Analytical Challenges for Tropical Phenology
In temperate systems the link between plant reproduction and climate cycles is very clear. Most plants grow and reproduce on an annual cycle, reset each year by the dormant winter. In the tropics things get a lot more exciting. Daylight hours are long and stable and temperatures are high all year round. Plant productivity is often limited only by the availability of water and nutrients. In regions where water availability is not highly seasonal, plant cycles can become uncoupled from the familiar annual cycles of temperate regions. Plants can reproduce continuously, at regular sub-annual or annual intervals or in irregular multi-year events, sometimes synchronised across communities in ‘masting’ years.
Analytical methods used in temperate phenology studies are often inappropriate for tropical phenology. “Days since January 1st ” – a common unit in temperate phenology spring studies – is a linear measure and has no meaning in a tropical system where growth is possible all year round. Analytical tools to study phenology in the tropics must be flexible enough to take account of the many diverse phenological strategies and the circular nature of the data lacking the winter ‘start’ to each year.
Fourier is a Great Tool for Tropical Phenology
We made significant progress on this analytical challenge last year through the development of Fourier methods – based on the regular repeating patterns of sine curves – for tropical phenology. We published a paper in Methods in Ecology and Evolution – ‘Fourier analysis to detect phenological cycles using long‐term tropical field data and simulations’ – describing how Fourier analysis can be used to quantify the frequency, strength, timing and synchrony of tropical plant cycles. Alongside this we wrote an article on this blog using smoothies to explain just why Fourier is such a great tool for tropical phenology in an effort to make the maths more palatable. We also made great efforts to share our findings and code with our research colleagues and have been delighted by the ways in which these methods have allowed the field to move forward.

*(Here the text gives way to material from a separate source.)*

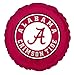Anagram International University of Alabama Foil Flat Balloon, 18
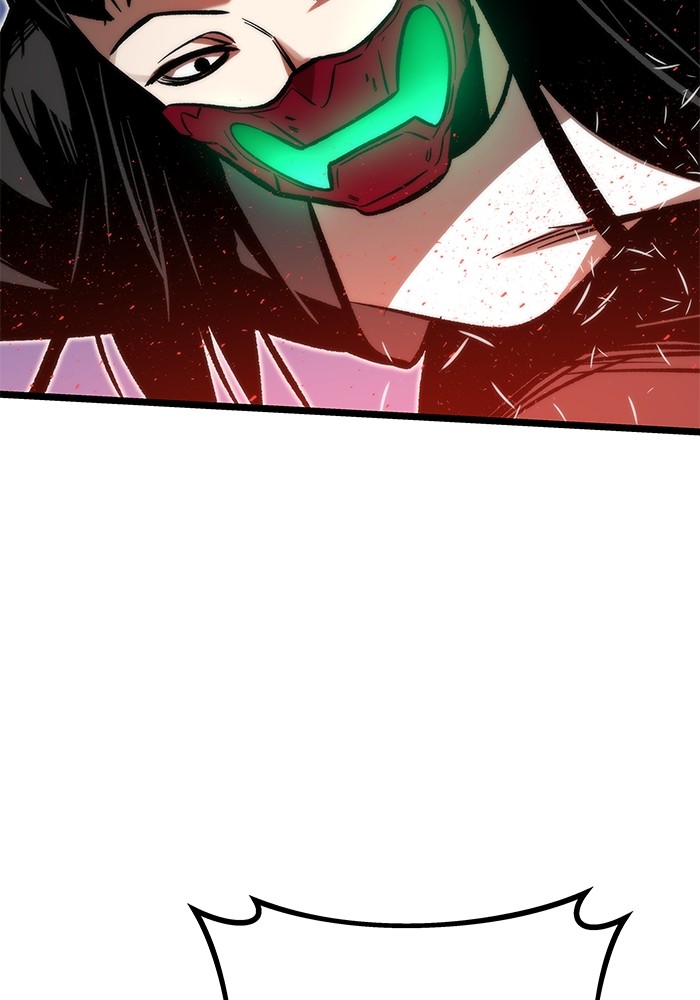 Ultra Alter Chapter 115 Gambar 27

Recent Developments in Fourier Methods for Individual-Level Plant Phenology
In the last year we’ve seen the growth of Fourier-based methods among our colleagues’ work around the world. Our research group has continued to use the powerful Lopé dataset (currently the longest continuous directly observed dataset available for Africa, possibly for the entire tropics) to improve and extend the analytical tools.
A particular feature of our approach has been to apply Fourier methods to data from individual trees, made possible by the high resolution of the long-term data at Lopé. We used the methods developed in our original article in a new paper released in Biotropica last month – ‘Towards effective monitoring of tropical phenology: maximizing returns and reducing uncertainty in long‐term studies’ (free to access for a limited time). In this recent analysis we combined Fourier indices for leafing, flowering and fruiting cycles at Lopé with expert knowledge on field conditions to identify major sources of noise in data collection. We made recommendations for effective monitoring of tropical phenology, including how to choose species likely to give robust data for assessing phenological changes over time, which will be a crucial step in predicting future biome shifts.

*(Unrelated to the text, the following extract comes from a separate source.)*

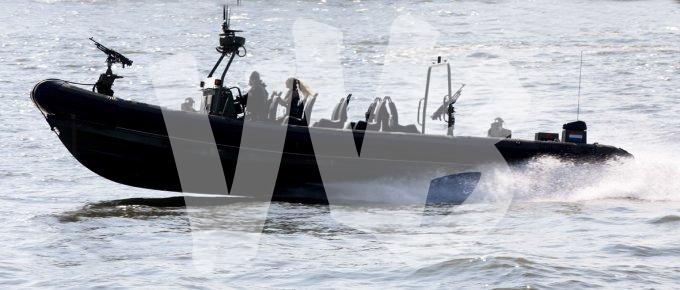 vvbvanbree wereld havendagen 2017 rotterdam       50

The Fourier methods published in our Methods in Ecology and Evolution article have also been expanded geographically to quantify flowering and fruiting phenology for 5446 trees of 196 species at 12 sites across the African continent. In this first pan-African phenology analysis, annual cycles were found to be the most common reproductive strategy. There were many individuals for which no regular cyclic behavior could be identified though.

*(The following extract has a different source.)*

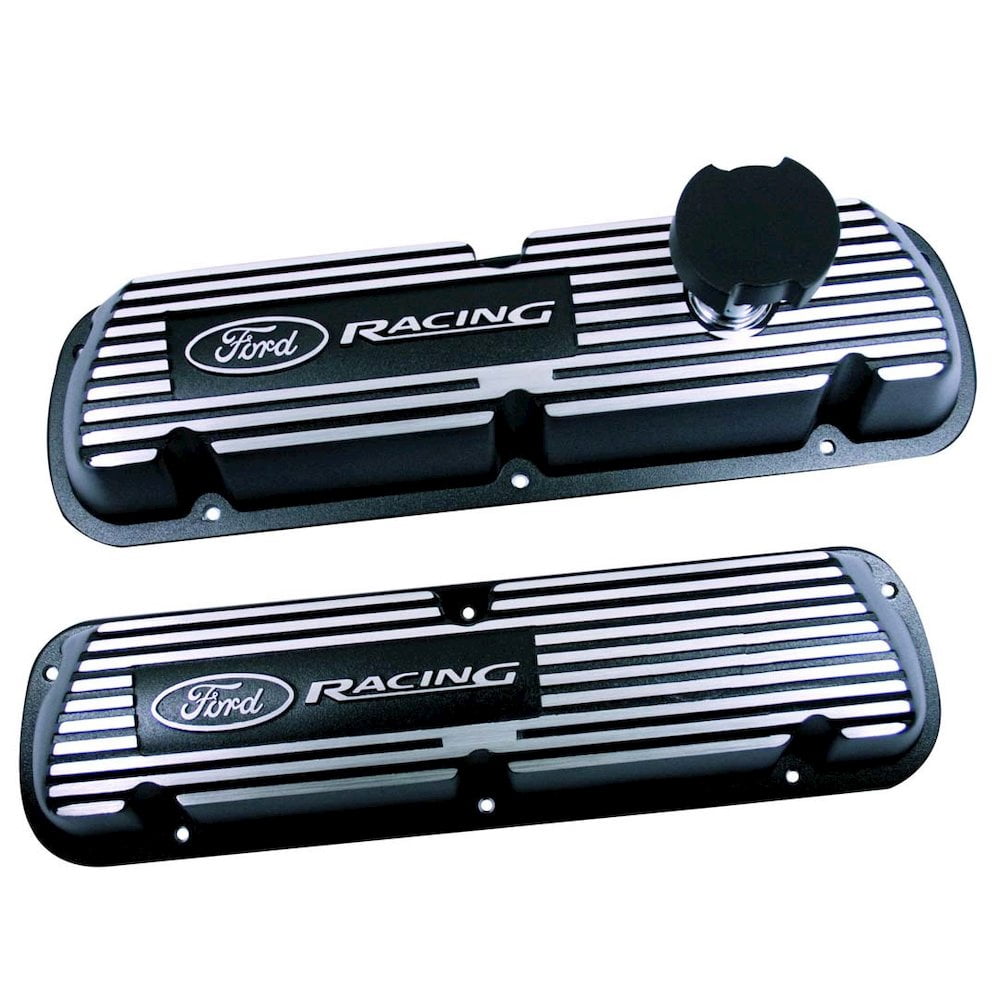 Ford Valve Cover Kit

In the same Biotropica Special Section on tropical phenology our Fourier methods for phenology are used to identify reproductive cycles among tropical tree species at Budongo Forest Reseve, Uganda. They’re also cited in three further papers (Abernethy et. al. 2018; Ouédraogo et. al. 2018 and Morellato et. al. 2018).
At the moment, our research group is working on extending our Fourier-based approach into the time domain. To do this, we’re using Wavelet analysis (windowed Fourier over time) to understand if and how the leafing, flowering and fruiting cycles at Lopé are changing with environmental change.
Application of Fourier-Methods for Species and Community-Level Phenology
Up to this point, we’ve structured our analyses to reflect the hierarchical nature of the natural system. We start at the scale of the individual plant and build up to include species, functional groups and the wider forest community. Since the publication of our article in MEE, a number of other applications of Fourier methods for species- and community-level phenology have emerged in the literature.
Fourier methods have been used to quantify community phenology and climate cycles at two long-term tropical forest observation sites: Kibale, Uganda and BCI, Panama. While Wavelet methods have been used to assess dynamics in community flower and seed production in tropical forests in Puerto Rico , to track lilac flowering phenology across the USA and to test the coherence of climate and plant phenology cycles and the influence of ENSO at BCI in Panama.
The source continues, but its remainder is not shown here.